Core Concepts
The core message of this work is to introduce Maximum Mean Discrepancy Q-Learning (MMD-QL) as a novel algorithm that utilizes MMD barycenters to effectively propagate the uncertainty of value functions during Temporal Difference updates in reinforcement learning, leading to improved exploration and performance.
Abstract
The content presents a new reinforcement learning algorithm called Maximum Mean Discrepancy Q-Learning (MMD-QL) that aims to improve upon the existing Wasserstein Q-Learning (WQL) algorithm by leveraging the Maximum Mean Discrepancy (MMD) barycenter to propagate the uncertainty of value functions.
Key highlights:
MMD-QL maintains Q-posteriors and V-posteriors to express the uncertainty in the value function estimates.
During Temporal Difference (TD) updates, MMD-QL modifies the classic TD update rule to induce epistemic uncertainty (from estimating the reward and transition kernel) and aleatoric uncertainty (from approximating the next-state value function).

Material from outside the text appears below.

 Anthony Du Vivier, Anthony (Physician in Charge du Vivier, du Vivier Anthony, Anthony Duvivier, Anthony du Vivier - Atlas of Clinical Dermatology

MMD-QL employs a variational update scheme based on MMD barycenters to approximate the posterior distributions, as MMD provides a tighter similarity estimate between probability measures compared to the Wasserstein distance.
The authors establish that MMD-QL is Probably Approximately Correct in MDP (PAC-MDP) under the average loss metric, implying it is as efficient as WQL in the worst case.
Experiments on tabular environments show that MMD-QL outperforms or matches the performance of WQL.
The authors also introduce MMD Q-Network (MMD-QN), a deep variant of MMD-QL, and provide theoretical analysis on its convergence rates using function approximation.
Empirical results on challenging Atari games demonstrate that MMD-QN performs well compared to benchmark deep RL algorithms, highlighting its effectiveness in handling large state-action spaces.
Stats
The content does not contain any explicit numerical data or statistics. It focuses on the theoretical and empirical analysis of the proposed algorithms.
Quotes
"Accounting for the uncertainty of value functions boosts exploration in Reinforcement Learning (RL)."
"MMD is chosen because it provides a tighter similarity estimate between probability measures than the Wasserstein distance."
"Empirical results on challenging Atari games demonstrate that MMD-QN performs impressively compared to WQL and other benchmark algorithms for deep RL."